I use the biggest available Big Apples 60x622mm on a bike designed from the ground up to take them, a Kranich from the German firm Utopia-velo. See my bicycle page at
http://coolmainpress.com/BICYCLING.html or download the Kranich section directly at
http://coolmainpress.com/AndreJute'sUtopiaKranich.pdf. The tyres are the absolutely the central design element in that bike, and I arrived at it because I failed to find a trustworthy brazier (only art school welders applied...) for a bike I designed in which the Big Apples would have been absolutely the central design element.
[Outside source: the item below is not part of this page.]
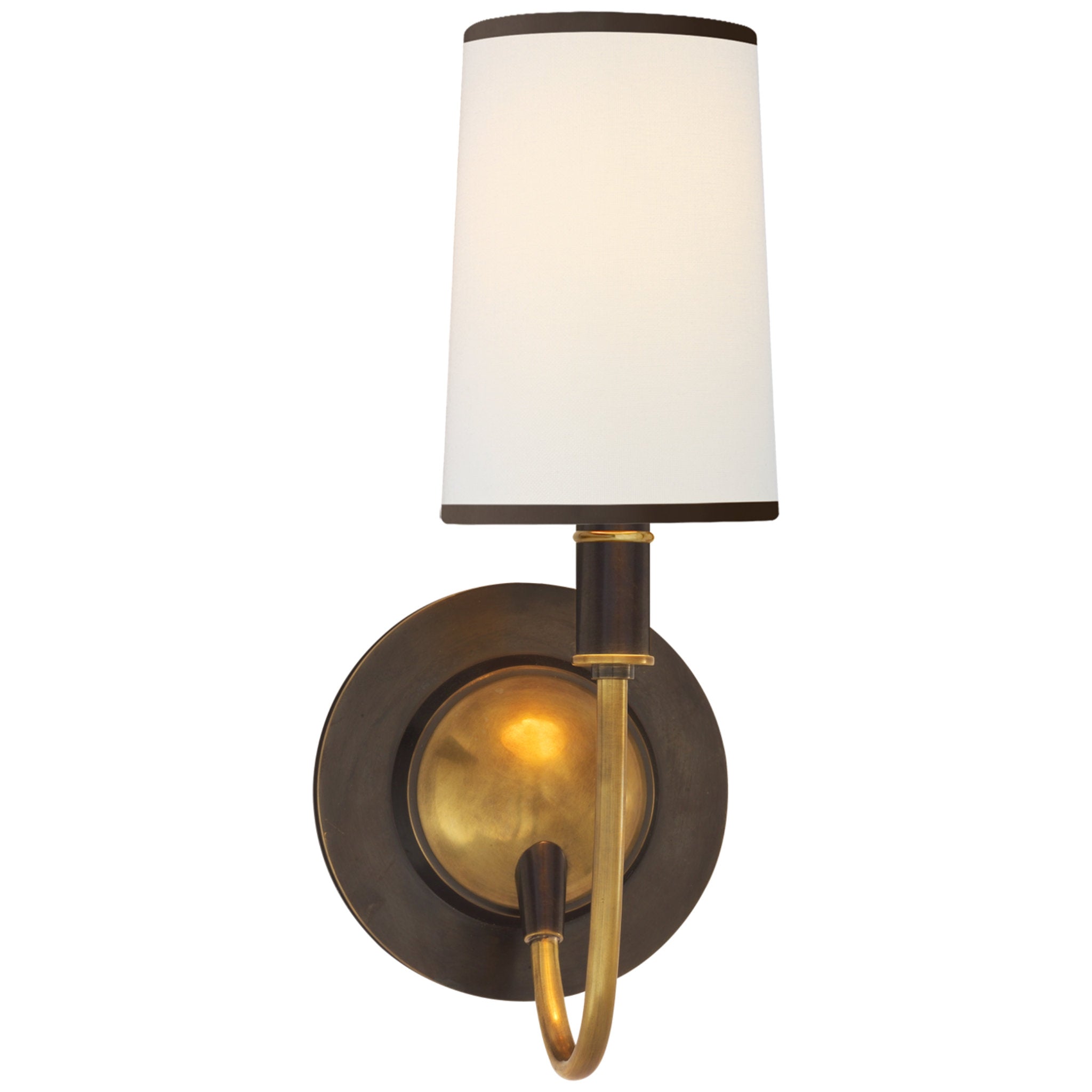 Thomas O'Brien Elkins Sconce in Bronze and Hand-Rubbed Antique Brass with Linen Shade with Black Trim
The first thing you need to determine is how wide a Big Apple the fork on your bike will take. Real Balloons <tm> start at 47mm but heavy duty touring Thorns can take bigger. Schwalbe offers include 50mm, 55mm, and I seem to remember a 57mm, and 60mm. All these seemingly small steps add cubic air volume and are most definitely not marginal to your comfort, achieved via the lower pressure you can inflate to with every step in width. There was a German who had the most superb Pedersens constructed for him to sell; he had only one leg and a prosthetic and was acutely sensitive to vibration; he rode in the summer on 60mm Big Apples without mudguards, which wouldn't fit, and in the winter on 50mm with mudguards; he told me it made a very noticeable difference because the volume of air was nearly doubled. Notice the important implication that the wider the tyre, the taller it grows too, and the implications for fitting mudguards.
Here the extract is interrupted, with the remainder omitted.